Yeats had come to an impasse as a writer. In simpler terms, he was having writer’s block and doubting his abilities, though it was magnified by his being in his seventies and his awareness that his health was failing, that he, like those circus animals, did not have long left on the stage. In the famous, stark final stanza of the poem, he suggested that he needed to find that fey spark, that spool of dream, he once knew so well, even if it meant going back to the beginning—whatever and wherever that might be. “Now that my ladder’s gone,” he said, “I must lie down where all the ladders start / In the foul rag and bone shop of the heart.”

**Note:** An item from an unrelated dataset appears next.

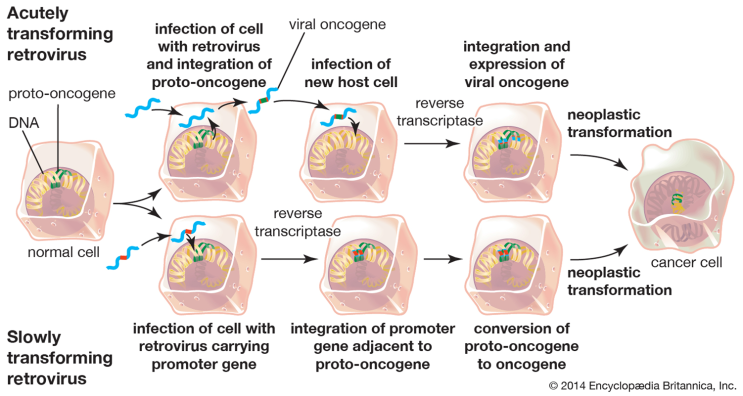  [챠밍의 암 이야기]③Oncogenes (발암유전자)
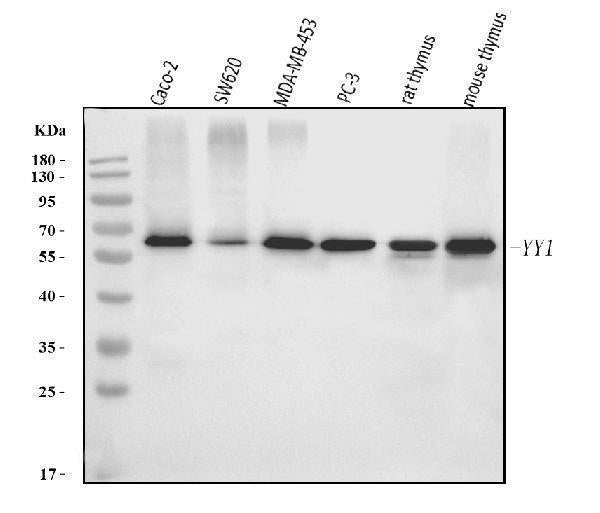 Anti-YY1 Antibody Picoband® (monoclonal, 6H3E1 Boster Bio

I have always been struck by “The Circus Animals’ Desertion.” Not because it’s unusual for Yeats—it contains a bit of the mythic dreaminess many of his poems do, and its darkness is less apocalyptically tinted than some of his earlier pieces, like “The Second Coming”—but because it feels like such a twilight poem, a poem written when you feel a peculiar kind of lowness: frustrated in your writing but not so much that you cannot write at all, for you are, counterintuitively, inspired by your lack of inspiration, even if you think the work you produce is nothing. It’s a poem for those of us who feel we are no longer doing anything new, no longer accomplishing anything; we wear the thick coats of impostors and hate ourselves. We feel like, whether or not we’ve been published, we aren’t really writers. We’re failures.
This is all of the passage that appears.